External Research Funding
Members of the Chair of Statistics and Econometrics did contribute or still contribute i.a. to the following research projects financed by third-party funds.
Project period: 07/2019 – 06/2022
Funding agency: DFG (Priority Programme 1859 „Experience and Expectation“)
Principal Investigator (at the FAU): Jonas Dovern
Summary: Expectations are at the heart of modern macroeconomic theory. The commonly made assumptions of full information rational expectations (Muth, 1961) or its recently proposed variants with information rigidities are simplistic and do not allow for genuine heterogeneity of expectations. In particular, they do not allow individual experiences of households or firms to affect their expectations of aggregate macroeconomic variables. Similarly, the role of individual experiences in the formation of financial expectations and decision making is not yet well understood. This research project will provide empirical analyses based on survey data to enhance our understanding of how individual experiences of private households or firms influence their expectations. This evidence will help relaxing the commonly made assumption in economic models that expectations are formed by a process that is invariant across time and individuals. The results of this research project will be useful for both academic economists and researchers from other disciplines that investigate expectation formation processes as well as for monetary policy makers. The project contributes to the ongoing quest in macroeconomics for a better understanding of the relevance of heterogeneity, in particular of expectations, across households and firms. Overall, the project will lead to a better understanding of survey data on macroeconomic expectations and, thus, will help to properly interpret such surveys. All of these issues are of first-order importance for the conduct of monetary policy because modern central banking relies heavily on expectations, both as a source of information and as a tool to steer the economy.
Cooperation partners: Christian Conrad (Universität Heidelberg), Fabian Krüger (Universität Heidelberg)
Project period: 08/2017 – 07/2020
Funding agency: Federal Ministry of Education and Research
Principal Investigator (at the FAU): Michael Grottke
Summary: Digitalization is one of the mega-tends of our time. The global data volume is predicted to exceed 44 trillion Gigabytes by 2020, a ten-fold increase over 2013. The challenge for businesses is therefore to filter, target and bring forward relevant information out of the daunting mass of data and to make something useful out of it in a timely manner. For example, finding new trends and technological advances that would lead to real-world competitive advantages. Currently, to monitor the business climate businesses must invest large amounts of time and capital. This has a much more detrimental impact on the small and medium-sized enterprises than on their larger competitors, because of the smaller amount of resources they can invest in the implementation of environmental scanning. The goal of the RADAR research project is to create an environmental scanning system that can take large sources of data and detect the relevant signals, trends, technologies as well as disruptive changes in the company’s environment in real time.

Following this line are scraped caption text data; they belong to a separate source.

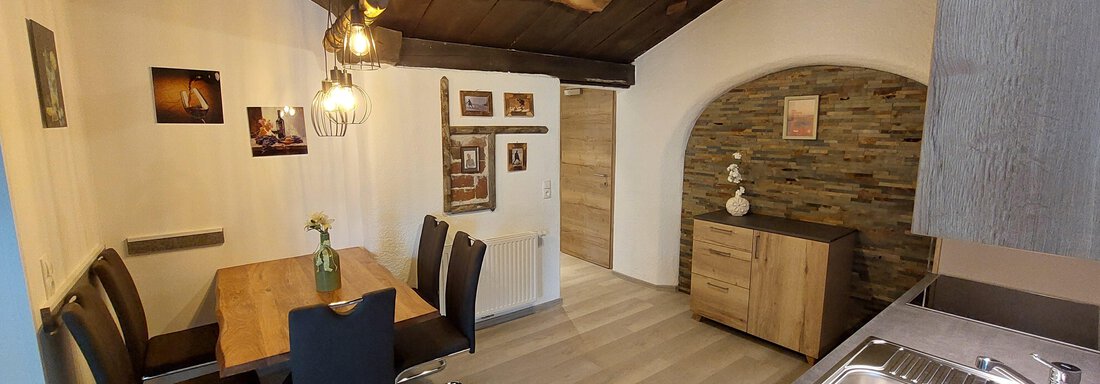 A cozy dining area with a wooden table and modern chairs. The kitchen is simple and functional, with a warm atmosphere created by wooden details. - Apart 77 - Sölden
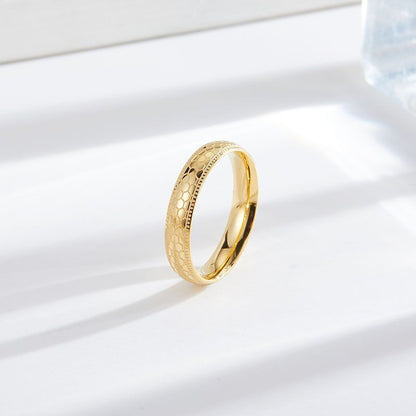 "Golden Gleam: Captivating Round Gold Ring for Timeless Charm"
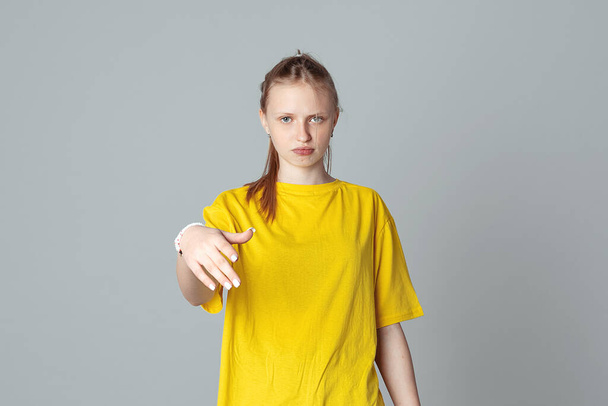 Portrait of displeased teen girl gestures by hand isolated on light grey background, wearing in casual blank yellow t shirt. Stop, no, stay back - Photo, Image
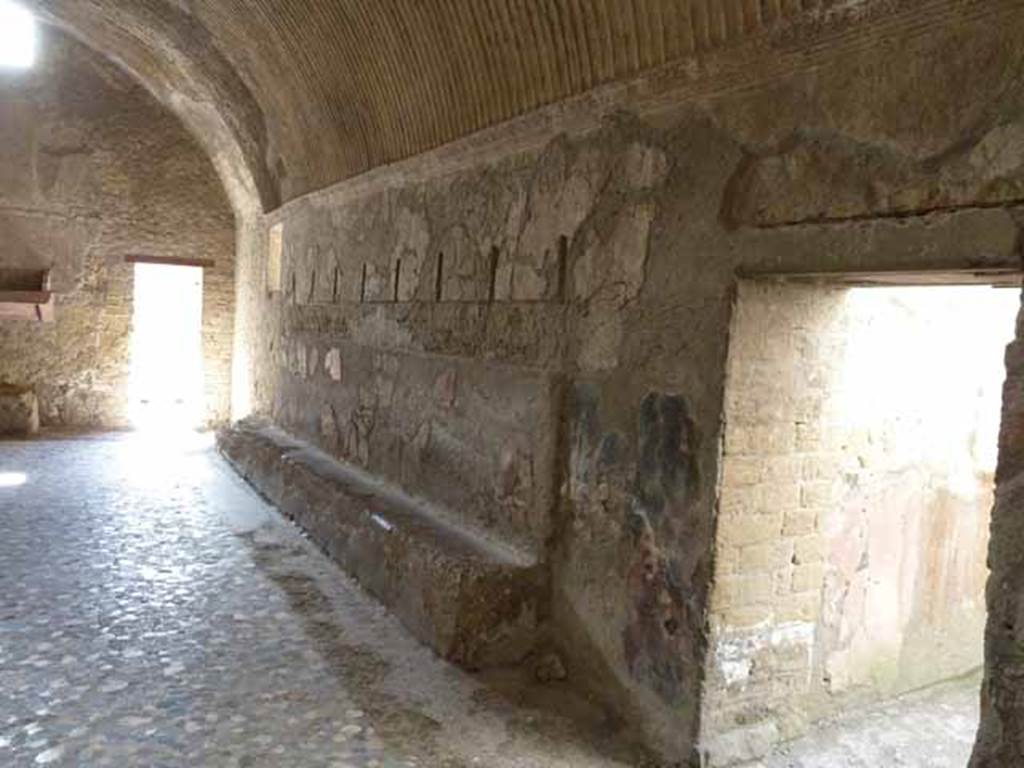 VI.1/7. May 2010. Dressing room or apodyterium.  Looking towards west wall, and north-west corner with doorway leading to cold plunge pool room, or frigidarium, on right.
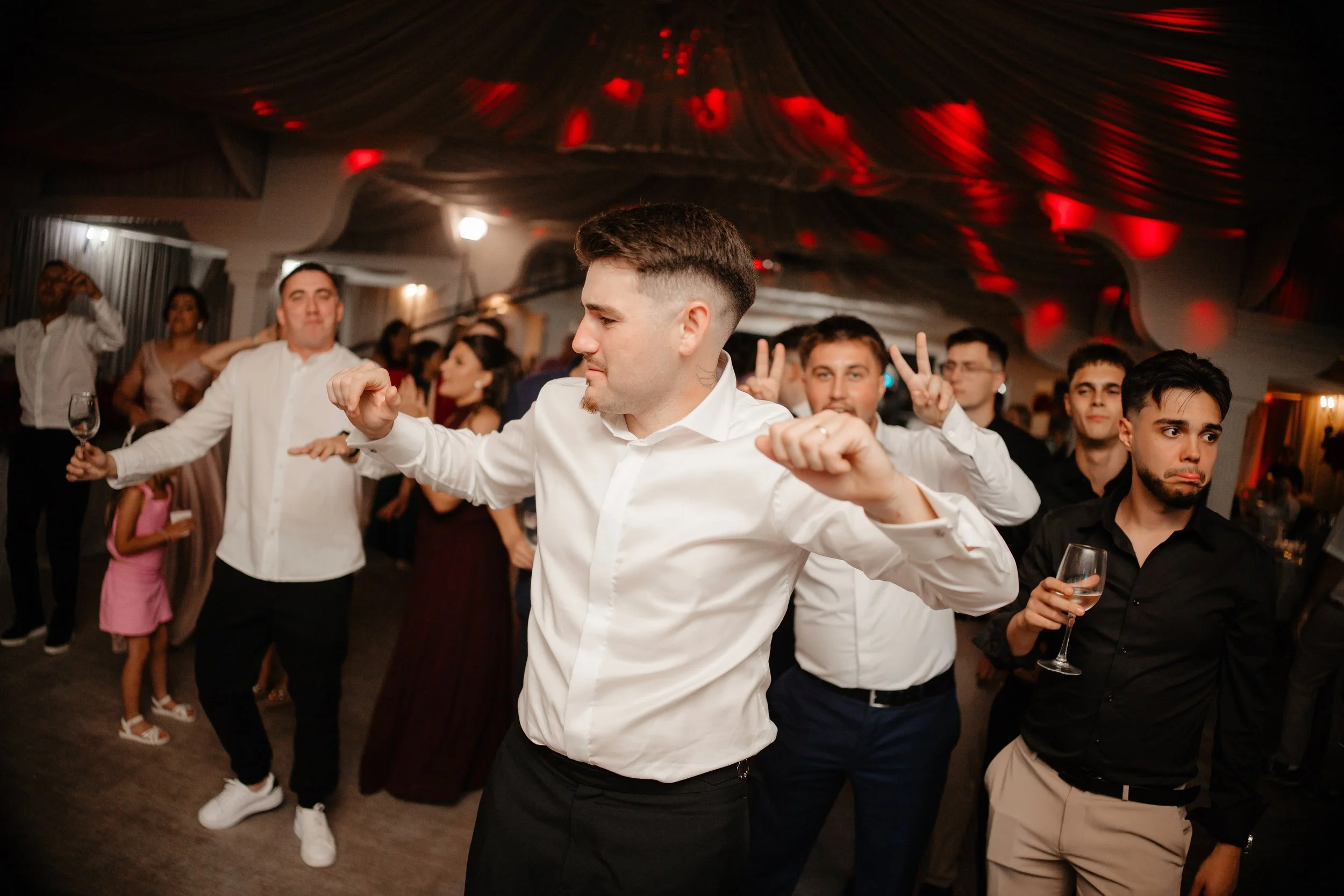 People dancing and socializing at a party or celebration in an indoor venue with dim lighting and red accents on the ceiling.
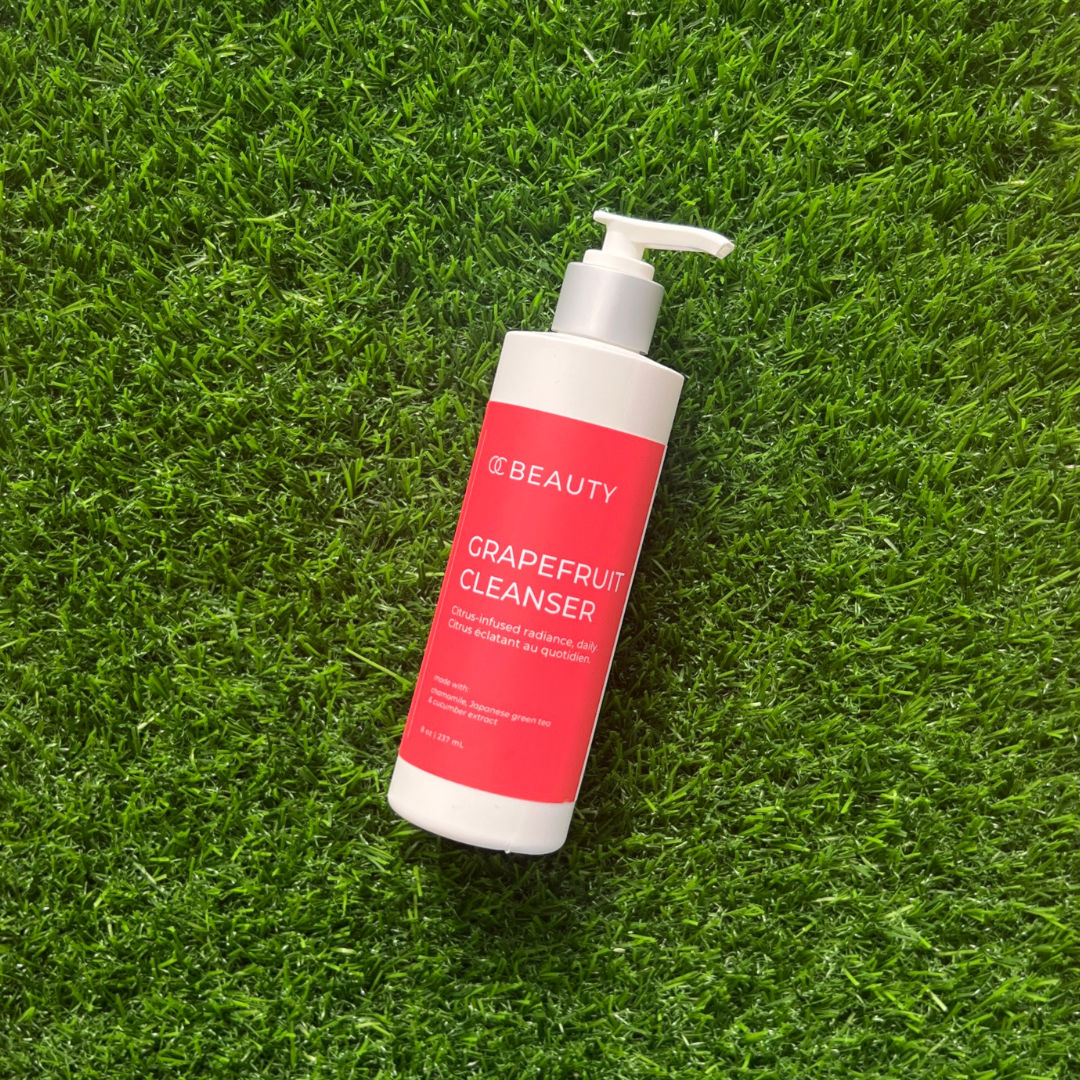 Grapefruit cleanser bottle on green grass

To this end, techniques from the fields of machine learning, applied statistics and semantic analysis of large amounts of data are combined in a theoretical model. Based on this theoretical foundation, a new software will be created that scans the business environment and, through self-learning mechanisms, automatically adapts itself to the given examination context. With such a cloud-based environmental scanning system, companies of all sizes and industries can observe their respective environments with great accuracy and minimal capital allocation. As a result, they will be able to react quickly and to create forward-looking strategies that allow them to successfully respond to challenges.
Cooperation partners: TU Braunschweig, itonics GmbH, Bayern Innovativ, LEONI Kabel GmbH, DMK Deutsches Milchkontor GmbH (associated partner)
Project period: 03/2016 – 02/2019
Funding agency: Ministerium für Wissenschaft, Forschung und Kunst Baden-Württemberg
Principal Investigator: Jonas Dovern
Summary:The period following the Great Recession of 2008/09 has shown that estimates of potential output (or its growth rate) are frequently and substantially revised downwards after recessions and economic crises. Based on two cross-country panel data sets with real-time information about potential output estimates, this project investigated i) when and in reaction to which type of macroeconomic shocks such revisions occur, ii) how much of the revisions are due to the individual components of potential output (labor, capital stock, total factor productivity), and iii) whether the behavior of monetary and fiscal policy during a crisis can affect the impact that recessions have on the long-term growth prospects of an economy.